Figure 1 illustrates how water column backscatter data can be displayed in GLOBE. Water column echograms can be viewed in either a 2D view or a 3D geographic view (Figure 1A). The two views are temporally linked, and a slider allows the user to navigate between pings. They also share rendering properties, such as color palette, contrast range, opacity, and filters. The latter is shown in Figure 1B, which is the same view as (A), but with side-lobe filtering enabled. Figure 1D shows the advantage of using such a filter when rendering a range of ping echograms from multiple lines. This option easily delineates each gas plume and its connection to seafloor pockmarks. One can also slice the backscatter water-column data volume along the horizontal or vertical direction, as illustrated in Figure 1D, allowing quick inspection of the dataset.

Rovere et al. (2022) mentioned that the gas plumes observed over this area are all related to specific seafloor morphological features (e.g., mounds, pockmarks, and linear scarps) or seafloor backscatter anomalies. Gas seeps, depending on their composition, cause precipitation of methane-derived carbonate and/or fluidized mud at the seafloor, visible as local backscatter variations and often associated with depressions (pockmarks). Figure 8A illustrates how GLOBE allows scientists to quickly correlate the observed water column backscatter signals (gas plumes) with the corresponding seafloor backscatter structure (and eventually topography) by integrating a dynamically normalized seafloor backscatter mosaic (10 cm cell size) and water column echograms into the same 3D georeferenced view (all data coming from the same UlyX EM2040 dataset, 400 kHz, 6 m altitude data). It shows that the gas plumes observed in two water column backscatter echograms clearly originate from low backscatter seafloor areas visible on two corresponding pockmark troughs. Rovere et al. (2022) state that two box cores were collected over this area, from which subsequent analyses revealed the presence of gas in the sediment (mainly composed of CO₂). Figure 8B shows the orthophotomosaic superimposed on the backscatter mosaic, with the two sources of the gas plumes represented by red dots in Figure 8A and Figure 8B. It highlights that the low backscatter areas of the seafloor correspond to the white–blue areas of the orthophotomosaic, which stand out from the rest of the surface and correspond to microbial mats developing in areas of active fluid and/or gas outflow at the seafloor.

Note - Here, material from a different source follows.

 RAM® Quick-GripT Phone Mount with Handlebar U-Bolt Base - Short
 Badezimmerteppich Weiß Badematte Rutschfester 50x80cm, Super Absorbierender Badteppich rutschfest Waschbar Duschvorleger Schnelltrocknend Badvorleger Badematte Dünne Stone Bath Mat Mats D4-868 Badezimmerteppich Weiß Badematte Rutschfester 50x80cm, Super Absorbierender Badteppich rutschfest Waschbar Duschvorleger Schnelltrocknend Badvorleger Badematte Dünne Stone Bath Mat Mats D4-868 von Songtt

The seafloor backscatter data were processed using the static and dynamic methods described in the previous sections. The resulting mosaics are shown in Figure 9, where we can see, clockwise from the top left: (A) the original raw backscatter data mosaic; (B) the statically normalized SonarScope backscatter data mosaic; (C) the statically normalized GLOBE backscatter data mosaic; and (D) the dynamically normalized backscatter mosaic. The dynamically normalized backscatter mosaic improves readability and shows fewer angular variations across the track than the statically normalized ones (Figure 9B,C) while preserving natural variations in the seafloor BS. Some incidence angle artifacts can also be seen on the two pockmarks (red arrows) located in the upper left and lower right corners of the SonarScope mosaic (Figure 9B): the side facing the sonar array appears brighter, while it is homogeneous on both mosaics processed by GLOBE. The GLOBE normalization algorithm effectively separates the variable gains of the array’s relative beam angle from the variable backscatter of the seafloor incidence angle, ensuring more accurate and consistent processing results.

Figure 9

Figure 9. Seafloor backscatter mosaic (1 m) from UlyX EM2040 data of dive #10: clockwise from top left: (A) Raw backscatter as decoded from the original. All files use backscatter data normalized using the (B) SonarScope static method. Angular response curves are computed on the whole dataset, and red arrows indicate incidence angle artifacts. (C) The GLOBE static method, and (D) using the GLOBE dynamic method. Basemap: Atalante EM122 shaded bathymetry (30 m).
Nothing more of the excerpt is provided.